Eu sou uma compostista, não uma pós-humanista: somos todos compostos, adubo, não pós-humanos. O limite que é o Antropoceno/Capitaloceno significa muitas coisas, incluindo o fato de que a imensa destruição irreversível está realmente ocorrendo, não só para os 11 bilhões ou mais de pessoas que vão estar na terra perto do fim do século 21, mas também para uma miríade de outros seres (Haraway, 2016, p. 141).

O Cthulhuceno de Donna Haraway (2016, 2019) não é sobre um deus patriarcal, como o de Lovecraft, e sim sobre a deusa Nagã das serpentes nadando nos mares entre a Austrália e a Indonésia. Apresenta o Cthulhuceno como uma ninhada, já que é uma história grande o suficiente para fazer parte do trabalho de resistir aos sistemas de dominação, de resistir aos Tentaculares; como nos alerta, estes pertencem e vivem na terra e na água, eles não são os que olham para o céu. O Cthulhuceno não pode contar histórias sobre transcendência.

No Cthulhuceno encontra-se simultaneamente passado-presente e futuro por vir e, por isso, neste, os seres de mundificação terrena - os terráqueos - não estão relegados ao que foi derrotado, surgindo nessa densa fluência temporal em jogo. Estamos perante as criaturas mundanas e abraçamos a fluência temporal. Nesta, abordamos os múltiplos fins de mundos e continuidades apesar dos fins. É uma insistência na alegria e no terror de viver e morrer bem nessa terra. O importante da palavra ceno, para Haraway (2014), é que ela significa uma densa época presente agora que tem muitas durações, muitos tipos de viver e morrer. Lutar pelo que está debaixo da terra e sobre a terra; lutar pelas alianças que nos mostram que ser um é, sempre, tornar-se com muitos.

O jogo de cordas, no livro Seguir con el problema, adquire toda densidade e perigos que abarca. Haraway (2019) em uma das ilustrações traz o jogo de cordas Navajo, que se traduz por dois coiotes correndo em direções contrárias.
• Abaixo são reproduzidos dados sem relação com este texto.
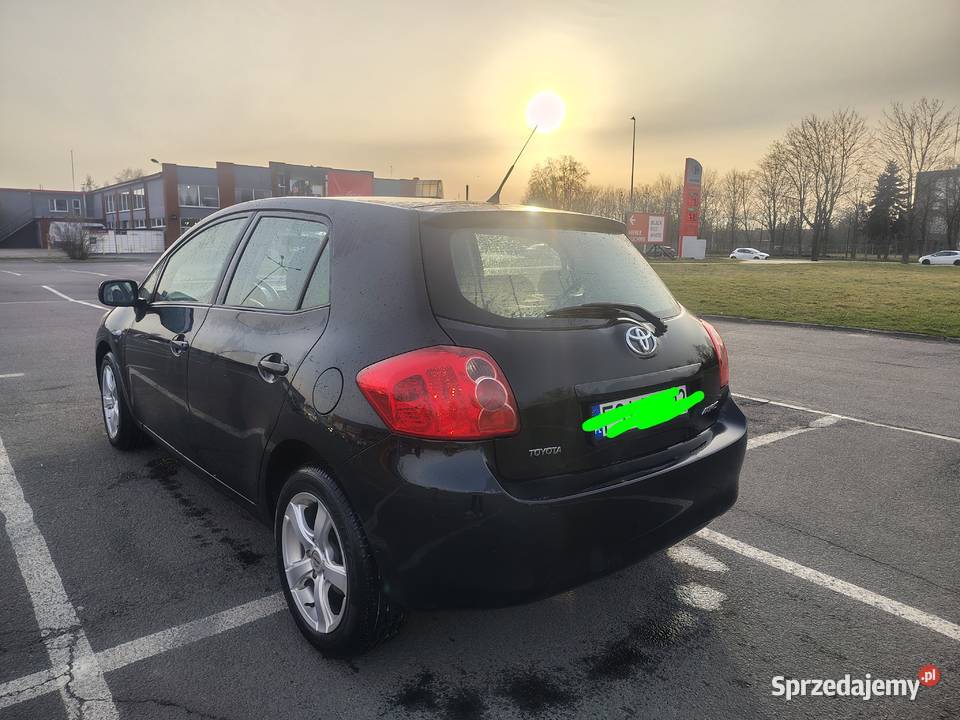 Toyota Auris 1400cm3 Sieradz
Para a autora, o jogo de cordas Navajo vem a acrescentar à cama de gato e ao jogo de barbantes, que não são suficientes para contar as histórias na forma de um tecido contínuo, inclusive a história do surgimento do povo Navajo.
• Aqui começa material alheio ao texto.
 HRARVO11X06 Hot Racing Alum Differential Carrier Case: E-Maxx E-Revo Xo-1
Não se trata, portanto, da mesma figura de cordas que aparecia nos primeiros textos de Donna Haraway. Nem melhores, ou piores. Operadores metodológicos fabulativos que buscam se colocar diante de questões e a colocar questões diferentes. Para a intrincada relação entre o viver e o morrer em um planeta danificado, entra em cena, para Donna Haraway, um jogo de cordas que, em uma cosmologia indígena, versa sobre vida e morte. Fazem parte de um amplo conjunto de jogos de corda com os quais se brinca nas noites frias do inverno, conhecidos por Dinè String Games. De acordo com Helen Torres, tradutora da Donna Haraway ao espanhol, a autora utiliza jogo de cordas (juego de las cuerdas), jeux de ficelles e string figures de maneira diferenciada ao longo da sua obra.
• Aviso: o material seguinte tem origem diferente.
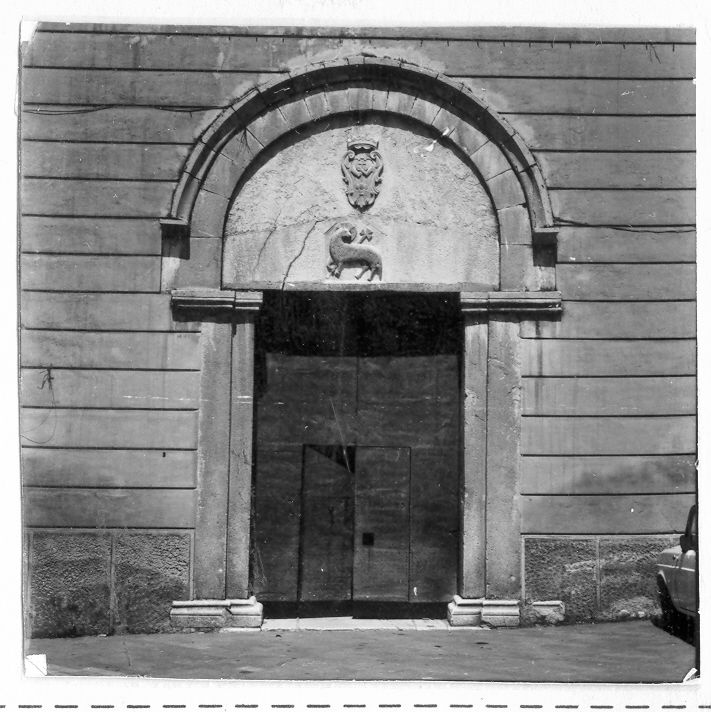 portale di Giovanni da Rapolla (sec. XIV)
Os jogos de cordas Navajo são, para Donna Haraway (2019), práticas de pensamento, pedagógicas e cosmológicas. Esses jogos estariam mais próximos dos jogos especulativos em SF que são menos receptáculos e mais padrões provisórios, práticas de fazer com arriscadas, contingentes e relacionais. As figuras produzidas pelos indígenas Navajo trazem "histórias de conquistas, recuperação e ressurgimento (Haraway, 2019, p. 18)". Trazem "as alegrias de compor uma cosmopolítica mais vivível" (Haraway, 2019, p. 19). Para a autora, rever o modo como se jogam as cordas é parte inexorável do trabalho a ser feito pelas mulheres que descendem das histórias coloniais e imperialistas de dominação, voltar-se ao particular e ao local conforme já propunha desde a década de 1990 em defesa de saberes localizados e parciais.

Donna Haraway (2019) se pergunta sobre como os jogos de cordas chegaram à Europa e observa que a chegada foi bastante tardia. Ao que assinala que jogos originários e ocidentalizados divergem, mesmo compondo, aparentemente, uma mesma figura, como o demonstra o estudo etnológico de Caroline Furness Jayne citado por ela.

Camille, filha da compostagem: prática de ficção simbionte (sym fiction)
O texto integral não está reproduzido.